Thursday, 21 August 2003
This presentation is part of : Thursday Poster Sessions

PD-006 Behavioral Effects of Subchronic Memantine Treatment in APP/PS1 Double Mutant Mice Modeling Alzheimer’s Disease

Heikki Tanila1, Rimante Minkeviciene1, and Pradeep Banerjee2. (1) University of Kuopio, Kuopio, Finland, (2) Forest Laboratories, Jersey City, NJ, USA

Objective: Memantine, a moderate affinity, uncompetitive NMDA receptor antagonist, is approved in Europe and under investigation in the US for the treatment of Alzheimer's disease. This study sought to determine the effects of subchronic memantine dosing on spatial memory and other behaviors in APP/PS1 double mutant mice.

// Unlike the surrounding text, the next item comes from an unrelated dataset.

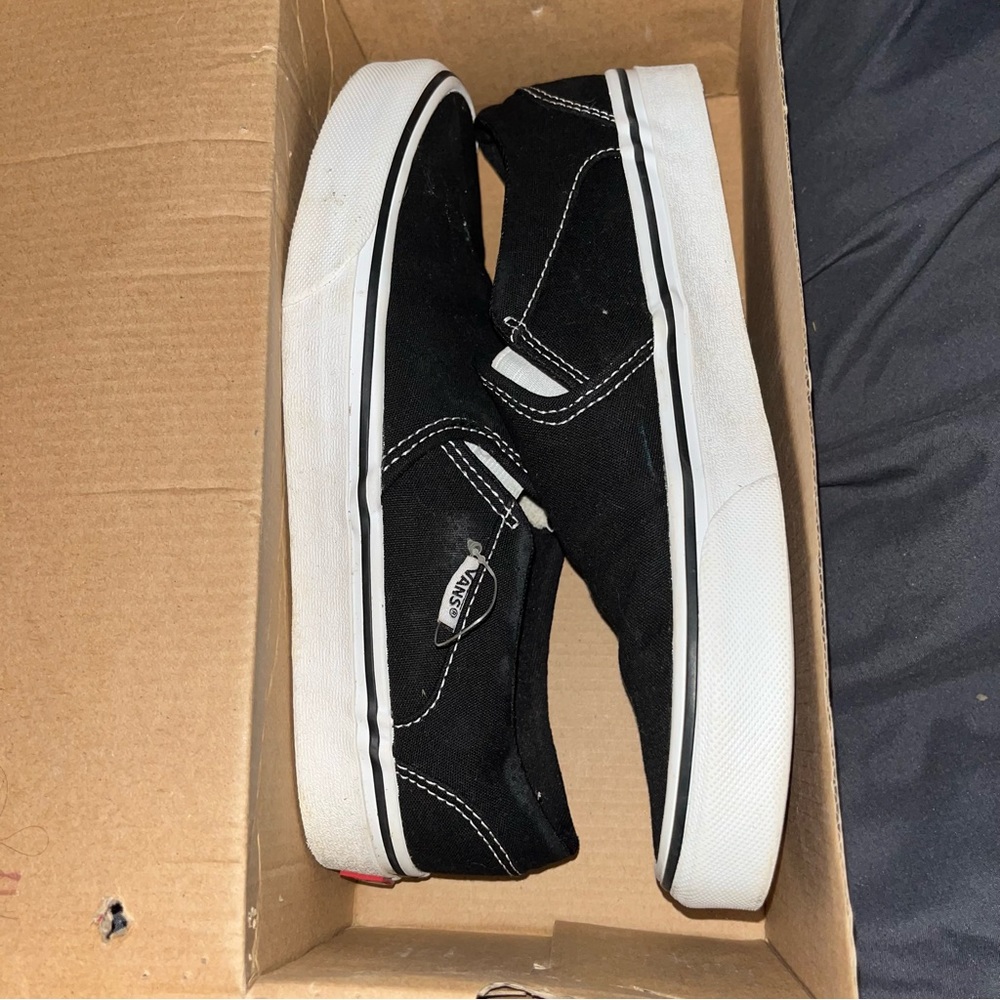 black and white womens 8.5 vans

Design/Methods: Eight-month-old male C57BL/6J mice carrying mutated human APPswe and PS1 (A246E) genes (A/P, n=45) and their nontransgenic littermates (NT, n=36) were assigned to memantine or placebo. Memantine (30 mg/kg) was administered orally for 3 weeks in drinking water prior to testing. Motor and exploratory activities were assessed by an automated activity monitor with infrared detection. Social behavior was assessed by the intruder-induced aggression test. Spatial working memory was tested by spontaneous alternation in the T-maze and spatial long-term memory in the Morris water maze.

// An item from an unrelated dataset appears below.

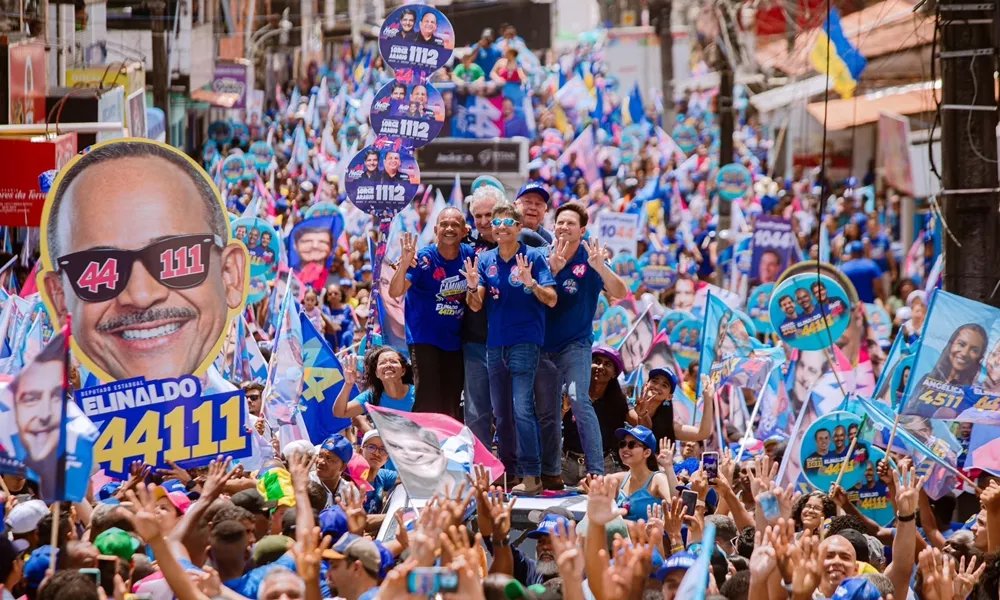 Grupo político caminhando pelas ruas de Camaçari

Results: Memantine had no effect on locomotor activity or aggressive behavior as measured by the activity and intruder tests in either A/P or NT mice. Memantine-treated A/P mice spent more time exploring the T-maze and took longer to complete the test than vehicle-treated A/P mice, but both achieved similar alternation scores. In NT mice, memantine slightly increased time to completion but did not affect alternation scores. Memantine significantly improved acquisition of the water maze in A/P mice without affecting swimming speed and reduced escape latency in NT mice.

Conclusion: Memantine improved spatial learning in A/P and NT mice, did not slow swimming speed, and did not reduce locomotor activity in the activity box. These data indicate that memantine improves cognition in APP/PS1 double transgenic mice.